:: Exercise description ::
Your answer should consist only of the lines from the line containing "Motel 6 Carlsbad, NM" through the last line below, each repeated exactly.

:: Dataset entries ::
.....
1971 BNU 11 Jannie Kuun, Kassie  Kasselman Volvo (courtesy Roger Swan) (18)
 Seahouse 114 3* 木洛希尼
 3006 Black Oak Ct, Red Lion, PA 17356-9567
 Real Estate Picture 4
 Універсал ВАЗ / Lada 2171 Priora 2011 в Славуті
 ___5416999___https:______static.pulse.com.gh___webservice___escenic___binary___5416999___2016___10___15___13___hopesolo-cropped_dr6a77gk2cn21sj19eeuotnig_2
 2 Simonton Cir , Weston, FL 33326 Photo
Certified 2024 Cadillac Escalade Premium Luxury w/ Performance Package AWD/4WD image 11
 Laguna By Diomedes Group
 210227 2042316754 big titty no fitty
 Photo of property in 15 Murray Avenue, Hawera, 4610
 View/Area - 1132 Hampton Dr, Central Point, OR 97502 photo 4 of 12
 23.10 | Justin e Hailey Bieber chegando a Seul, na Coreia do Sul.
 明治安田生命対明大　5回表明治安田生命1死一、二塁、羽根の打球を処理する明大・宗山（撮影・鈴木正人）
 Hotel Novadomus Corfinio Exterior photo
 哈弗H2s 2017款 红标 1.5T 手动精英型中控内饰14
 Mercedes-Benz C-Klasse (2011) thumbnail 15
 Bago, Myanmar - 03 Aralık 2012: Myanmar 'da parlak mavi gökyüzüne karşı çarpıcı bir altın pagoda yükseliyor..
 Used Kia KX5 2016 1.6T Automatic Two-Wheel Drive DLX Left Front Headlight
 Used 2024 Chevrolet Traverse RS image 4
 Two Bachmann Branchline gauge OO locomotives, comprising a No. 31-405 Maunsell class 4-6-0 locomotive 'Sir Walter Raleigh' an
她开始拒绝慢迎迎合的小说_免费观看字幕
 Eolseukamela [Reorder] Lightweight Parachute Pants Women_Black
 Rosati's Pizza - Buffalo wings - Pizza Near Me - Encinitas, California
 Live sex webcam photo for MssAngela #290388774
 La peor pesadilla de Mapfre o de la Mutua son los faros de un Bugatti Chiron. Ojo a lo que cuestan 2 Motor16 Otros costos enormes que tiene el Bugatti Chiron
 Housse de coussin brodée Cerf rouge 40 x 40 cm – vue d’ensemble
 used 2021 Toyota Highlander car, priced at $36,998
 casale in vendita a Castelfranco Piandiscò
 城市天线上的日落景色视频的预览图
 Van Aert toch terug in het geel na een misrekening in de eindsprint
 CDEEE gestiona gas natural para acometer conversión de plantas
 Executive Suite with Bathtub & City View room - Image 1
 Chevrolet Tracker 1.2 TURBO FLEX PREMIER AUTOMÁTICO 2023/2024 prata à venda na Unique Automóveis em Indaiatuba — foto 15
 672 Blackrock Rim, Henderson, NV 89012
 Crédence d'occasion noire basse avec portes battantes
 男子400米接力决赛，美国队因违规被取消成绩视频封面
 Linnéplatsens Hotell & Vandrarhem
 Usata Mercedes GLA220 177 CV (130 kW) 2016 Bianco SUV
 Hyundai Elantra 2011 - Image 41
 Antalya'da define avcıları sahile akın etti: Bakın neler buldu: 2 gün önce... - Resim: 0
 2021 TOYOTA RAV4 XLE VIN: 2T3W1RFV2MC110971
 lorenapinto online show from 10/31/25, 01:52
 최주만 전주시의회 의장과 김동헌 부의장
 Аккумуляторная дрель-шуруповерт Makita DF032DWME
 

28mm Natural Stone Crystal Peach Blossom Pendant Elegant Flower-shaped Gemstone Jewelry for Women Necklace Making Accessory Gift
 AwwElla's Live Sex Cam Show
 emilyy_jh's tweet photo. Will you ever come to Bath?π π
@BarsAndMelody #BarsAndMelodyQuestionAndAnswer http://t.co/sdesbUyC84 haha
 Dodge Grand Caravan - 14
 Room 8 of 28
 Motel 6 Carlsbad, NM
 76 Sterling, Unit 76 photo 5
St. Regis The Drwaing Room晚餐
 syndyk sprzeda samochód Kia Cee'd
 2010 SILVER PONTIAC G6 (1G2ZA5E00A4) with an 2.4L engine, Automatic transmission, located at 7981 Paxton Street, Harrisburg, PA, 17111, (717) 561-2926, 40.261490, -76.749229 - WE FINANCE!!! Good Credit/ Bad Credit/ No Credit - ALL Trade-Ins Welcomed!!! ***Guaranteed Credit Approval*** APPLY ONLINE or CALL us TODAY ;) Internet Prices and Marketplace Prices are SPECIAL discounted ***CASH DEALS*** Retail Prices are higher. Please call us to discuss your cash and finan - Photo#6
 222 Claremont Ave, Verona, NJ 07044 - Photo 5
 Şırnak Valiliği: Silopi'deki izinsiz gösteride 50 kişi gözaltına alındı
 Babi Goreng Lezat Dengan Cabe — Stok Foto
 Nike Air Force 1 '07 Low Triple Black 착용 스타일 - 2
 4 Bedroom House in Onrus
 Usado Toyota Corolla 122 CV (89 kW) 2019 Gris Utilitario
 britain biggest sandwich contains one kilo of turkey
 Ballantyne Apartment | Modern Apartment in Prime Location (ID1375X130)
.....
:: Solution to this task ::
 Motel 6 Carlsbad, NM
 76 Sterling, Unit 76 photo 5
St. Regis The Drwaing Room晚餐
 syndyk sprzeda samochód Kia Cee'd
 2010 SILVER PONTIAC G6 (1G2ZA5E00A4) with an 2.4L engine, Automatic transmission, located at 7981 Paxton Street, Harrisburg, PA, 17111, (717) 561-2926, 40.261490, -76.749229 - WE FINANCE!!! Good Credit/ Bad Credit/ No Credit - ALL Trade-Ins Welcomed!!! ***Guaranteed Credit Approval*** APPLY ONLINE or CALL us TODAY ;) Internet Prices and Marketplace Prices are SPECIAL discounted ***CASH DEALS*** Retail Prices are higher. Please call us to discuss your cash and finan - Photo#6
 222 Claremont Ave, Verona, NJ 07044 - Photo 5
 Şırnak Valiliği: Silopi'deki izinsiz gösteride 50 kişi gözaltına alındı
 Babi Goreng Lezat Dengan Cabe — Stok Foto
 Nike Air Force 1 '07 Low Triple Black 착용 스타일 - 2
 4 Bedroom House in Onrus
 Usado Toyota Corolla 122 CV (89 kW) 2019 Gris Utilitario
 britain biggest sandwich contains one kilo of turkey
 Ballantyne Apartment | Modern Apartment in Prime Location (ID1375X130)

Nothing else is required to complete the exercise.